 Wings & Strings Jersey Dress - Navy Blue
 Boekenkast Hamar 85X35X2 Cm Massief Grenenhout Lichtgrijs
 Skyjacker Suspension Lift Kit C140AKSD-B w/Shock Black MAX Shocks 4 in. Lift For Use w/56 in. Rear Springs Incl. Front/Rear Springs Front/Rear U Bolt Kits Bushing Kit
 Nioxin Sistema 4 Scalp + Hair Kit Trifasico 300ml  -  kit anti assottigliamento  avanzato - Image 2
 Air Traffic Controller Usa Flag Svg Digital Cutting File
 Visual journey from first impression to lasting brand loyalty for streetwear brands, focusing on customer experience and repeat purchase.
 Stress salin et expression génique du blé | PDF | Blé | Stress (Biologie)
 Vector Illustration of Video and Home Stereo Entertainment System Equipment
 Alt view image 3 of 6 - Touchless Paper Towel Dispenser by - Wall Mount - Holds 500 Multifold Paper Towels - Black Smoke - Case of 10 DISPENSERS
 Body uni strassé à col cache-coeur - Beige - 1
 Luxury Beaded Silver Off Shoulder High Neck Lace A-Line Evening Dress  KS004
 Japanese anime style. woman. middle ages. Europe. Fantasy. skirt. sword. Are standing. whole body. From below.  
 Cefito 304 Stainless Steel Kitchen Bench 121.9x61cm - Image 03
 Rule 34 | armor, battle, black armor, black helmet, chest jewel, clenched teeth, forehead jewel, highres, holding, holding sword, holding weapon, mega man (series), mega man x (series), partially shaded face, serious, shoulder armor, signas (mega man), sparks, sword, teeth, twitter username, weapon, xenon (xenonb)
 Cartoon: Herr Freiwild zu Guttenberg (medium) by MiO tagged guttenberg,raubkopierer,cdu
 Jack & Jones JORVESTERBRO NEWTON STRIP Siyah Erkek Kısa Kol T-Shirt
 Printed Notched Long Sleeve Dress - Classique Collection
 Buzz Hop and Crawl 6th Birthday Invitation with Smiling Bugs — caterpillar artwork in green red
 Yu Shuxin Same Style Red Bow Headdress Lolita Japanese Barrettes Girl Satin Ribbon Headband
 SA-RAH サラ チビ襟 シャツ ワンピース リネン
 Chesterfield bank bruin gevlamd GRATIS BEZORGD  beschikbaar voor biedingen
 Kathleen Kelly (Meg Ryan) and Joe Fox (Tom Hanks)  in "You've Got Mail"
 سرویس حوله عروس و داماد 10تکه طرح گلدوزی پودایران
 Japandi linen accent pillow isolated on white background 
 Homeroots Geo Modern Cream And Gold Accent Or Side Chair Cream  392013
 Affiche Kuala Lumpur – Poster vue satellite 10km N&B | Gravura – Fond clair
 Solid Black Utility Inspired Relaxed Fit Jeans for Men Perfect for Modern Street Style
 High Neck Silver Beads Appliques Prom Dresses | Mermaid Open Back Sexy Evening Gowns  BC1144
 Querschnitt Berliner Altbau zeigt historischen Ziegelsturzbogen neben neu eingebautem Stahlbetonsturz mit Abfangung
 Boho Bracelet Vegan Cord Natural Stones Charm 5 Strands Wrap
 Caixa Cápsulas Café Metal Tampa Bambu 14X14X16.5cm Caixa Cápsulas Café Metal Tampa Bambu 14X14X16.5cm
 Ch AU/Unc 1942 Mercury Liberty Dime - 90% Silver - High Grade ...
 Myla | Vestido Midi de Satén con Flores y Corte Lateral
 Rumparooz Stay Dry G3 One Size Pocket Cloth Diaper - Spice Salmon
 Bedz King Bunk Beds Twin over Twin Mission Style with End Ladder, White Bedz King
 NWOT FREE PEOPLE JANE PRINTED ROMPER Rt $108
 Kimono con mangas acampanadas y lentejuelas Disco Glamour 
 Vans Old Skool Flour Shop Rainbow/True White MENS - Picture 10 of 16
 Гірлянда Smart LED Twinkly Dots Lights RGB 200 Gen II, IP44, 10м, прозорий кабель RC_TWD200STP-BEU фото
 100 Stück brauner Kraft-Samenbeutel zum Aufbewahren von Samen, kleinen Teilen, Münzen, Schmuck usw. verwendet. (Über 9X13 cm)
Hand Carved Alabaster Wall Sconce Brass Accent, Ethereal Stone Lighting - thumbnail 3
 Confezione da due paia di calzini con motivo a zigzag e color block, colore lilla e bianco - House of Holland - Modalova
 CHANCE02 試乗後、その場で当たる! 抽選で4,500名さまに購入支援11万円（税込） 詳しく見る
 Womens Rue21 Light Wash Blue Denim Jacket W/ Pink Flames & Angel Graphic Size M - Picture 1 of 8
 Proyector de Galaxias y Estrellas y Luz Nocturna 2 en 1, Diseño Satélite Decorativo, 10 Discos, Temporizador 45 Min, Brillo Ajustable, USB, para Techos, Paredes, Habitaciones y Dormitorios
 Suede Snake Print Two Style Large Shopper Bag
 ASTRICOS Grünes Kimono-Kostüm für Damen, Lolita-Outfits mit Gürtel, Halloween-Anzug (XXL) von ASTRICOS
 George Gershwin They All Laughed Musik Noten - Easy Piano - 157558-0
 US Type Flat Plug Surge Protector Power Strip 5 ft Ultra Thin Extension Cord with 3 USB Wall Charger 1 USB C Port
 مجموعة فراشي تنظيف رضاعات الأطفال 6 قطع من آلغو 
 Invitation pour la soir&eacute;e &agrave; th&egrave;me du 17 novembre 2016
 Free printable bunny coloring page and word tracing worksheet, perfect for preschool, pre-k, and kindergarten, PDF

# # #

Repeat the material word for word from its opening line up to and including the line containing "Visual journey from".

 Wings & Strings Jersey Dress - Navy Blue
 Boekenkast Hamar 85X35X2 Cm Massief Grenenhout Lichtgrijs
 Skyjacker Suspension Lift Kit C140AKSD-B w/Shock Black MAX Shocks 4 in. Lift For Use w/56 in. Rear Springs Incl. Front/Rear Springs Front/Rear U Bolt Kits Bushing Kit
 Nioxin Sistema 4 Scalp + Hair Kit Trifasico 300ml  -  kit anti assottigliamento  avanzato - Image 2
 Air Traffic Controller Usa Flag Svg Digital Cutting File
 Visual journey from first impression to lasting brand loyalty for streetwear brands, focusing on customer experience and repeat purchase.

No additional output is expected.